In 1994, Laurie was appointed a Fellow of the Australian Academy of Technological Sciences and Engineering (FTSE).
In 2001, Laurie was awarded the Australian Centenary Medal in recognition of his service to environmental science and technology.
In 2003, he received the Peter Nicol Russell Memorial Medal - Career Achievement Award in Engineering from the Institution of Engineers Australia. This is described as "the most prestigious award conferred by Engineers Australia. It’s presented annually to an Honorary Fellow of Engineers Australia who has made a notable contribution to the science or practice of engineering in Australia."
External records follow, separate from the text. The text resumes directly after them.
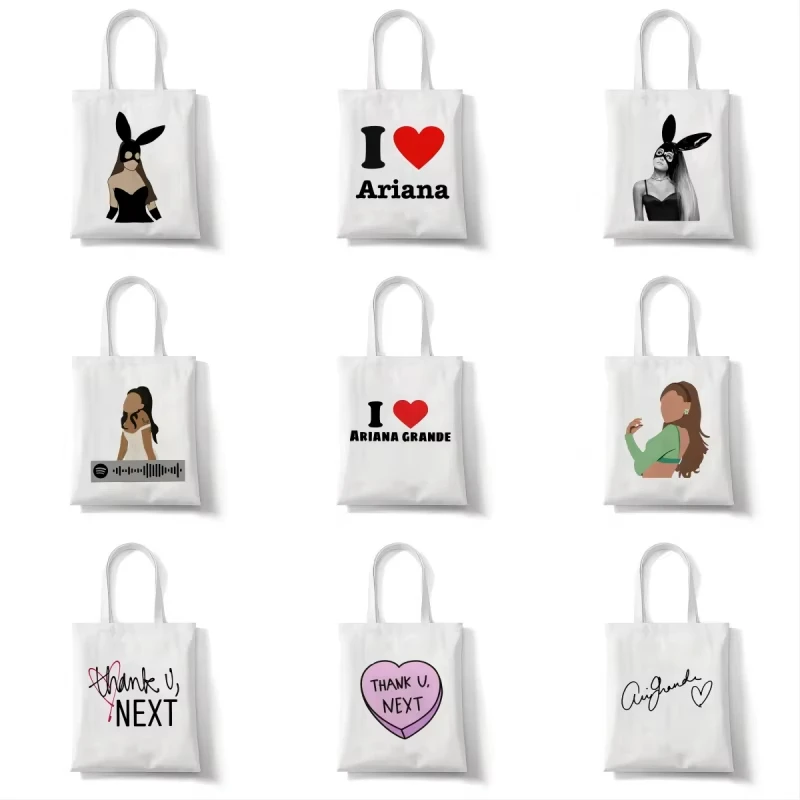 Ariana Grande Thank U Borsa per la spesa alla moda stampata carina Borse a tracolla Borse di grande capacità Studenti Ragazze Borse casual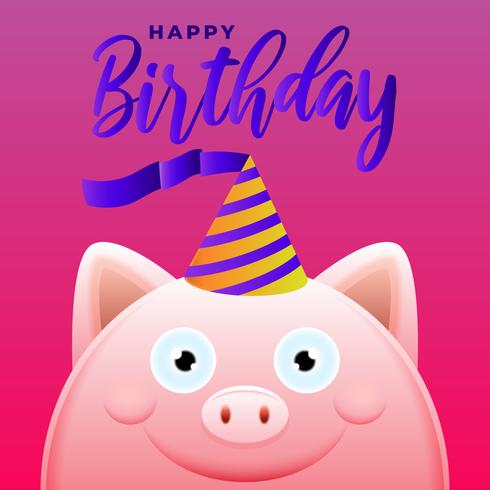 Feliz aniversário cartão com ilustração em vetor porco bonito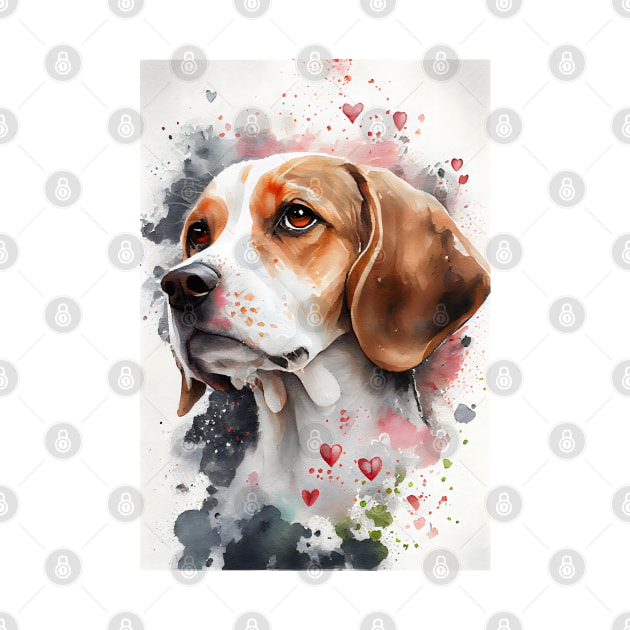 A Watercolor Beagle Dog With Valentine Hearts by designs4days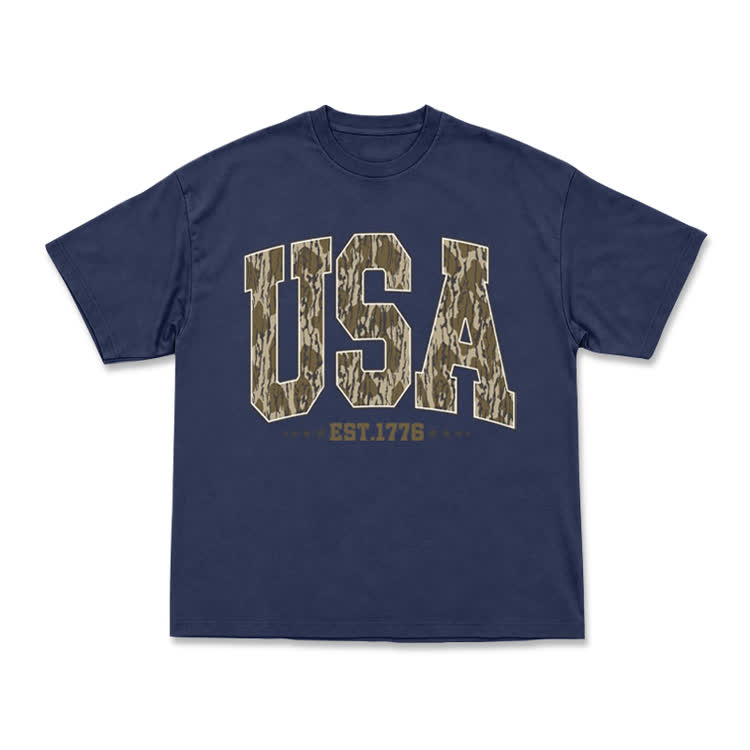 Vintage Inspired USA Camo Varsity Print T-Shirt - Navy Blue - US16-18(2XL) - image 10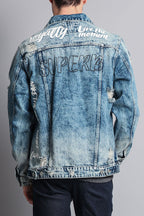 Distressed Scribble Denim Jacket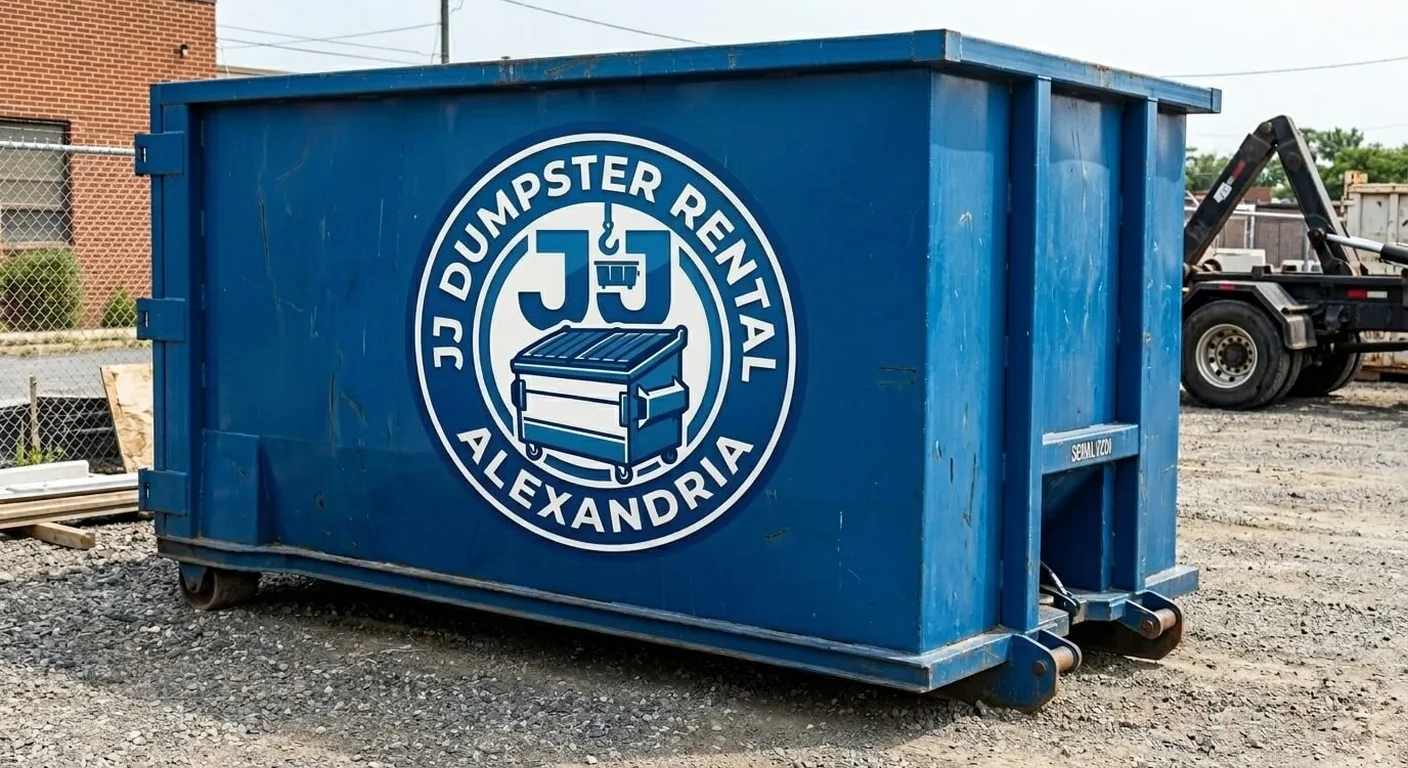 A JJ Dumpster Rental Alexandria dumpster staged on a driveway, ready for a yard-waste and storm-debris cleanup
In the 2003 Queen's Birthday honours, Laurie was appointed a Companion of the Order of Australia "for service to consulting engineering in Australia, to the export of engineering services overseas, and to community support in education, health and major infrastructure developments."

==Personal life==
Laurie was married to Imogen Dymphna, and they had four children: Mandy, Rob, Tim and Emma.

Laurie was the great-grandson of Buxton Forbes Laurie, for whom he was named, who migrated from England to Australia in 1848. John Laurie hosted a reunion of Buxton Laurie's descendants in 1976, reported as either 150 or 220 people.

He died on 2 April 2022, of natural causes.